La fotografía es bellísima, con unos paisajes impresionantes. La música de Javier Limón parece querer identificar la película de Díaz Yanes con La misión de Roland Joffé, a partir de unas notas que remiten al inicio de la partitura de Ennio Morricone. Pero lo que consigue es una comparación entre ambas cintas y sus respectivas bandas sonoras. El resultado es penoso. Llama la atención la falta de rigor lingüístico cuando se utilizan las formas verbales propias del «usted» en lugar del «vos» en la primera mitad del siglo XVI, pero, sobre todo, choca el apartado del maquillaje, por ejemplo en doña Ana, la joven y hermosa esposa de Batzán, que conserva sus vestidos impecables, su cara limpia y su melena espectacular a lo largo de los días pesar de las condiciones en que se desenvuelven.
El trabajo actoral es francamente bueno, si bien los personajes que encarnan no son creíbles, carecen de consistencia, empezando por el anciano jefe, don Gonzalo Batzán, un auténtico pelele ninguneado por su alférez, incapaz de ejercer su autoridad salvo para ordenar que le den garrote al soldado que le resulta incómodo.
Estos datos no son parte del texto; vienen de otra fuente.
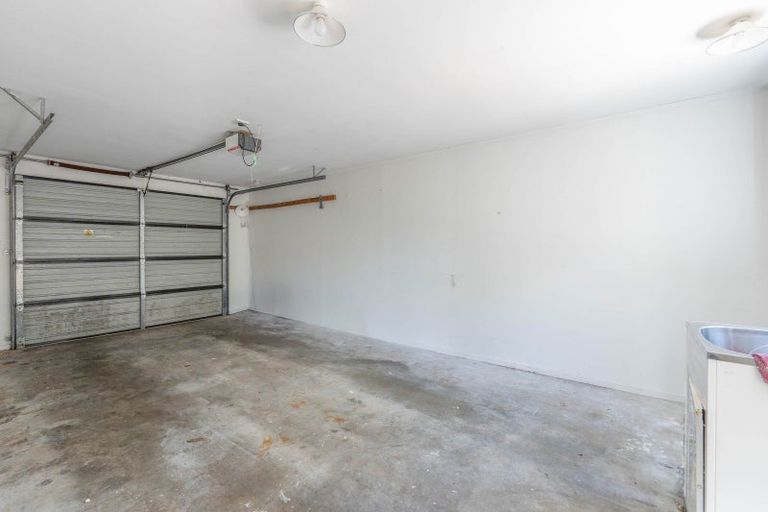 Photo of property in 1 Antrim Place, Rangatira Park, Taupo, 3330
Sólo el sargento, al que da vida José Coronado, parece tener algo de entidad, pero en medio de ese grupo queda totalmente difuminado. Referencia aparte merece el personaje del dominico, que representa la acción evangelizadora en la gesta española. El padre Vargas es un fanático, despreciado y odiado por todos, un inútil más tonto que malo. A eso se deja reducido en la película lo que fue y supuso la evangelización del Nuevo Mundo: fanatismo, carencia de inteligencia y falta de bondad. Es una mirada muy sesgada y alejada de lo que fue la historia.
La acción no avanza, sólo se repiten una y otra vez las mismas escenas de violencia. No es de extrañar que la película acabe haciéndose larga y aburrida, hasta que la última escena, con el soldado tomando posesión del mar océano y de sus playas en nombre del Emperador, resulte tan patética que hasta provoque la risa del sufrido espectador.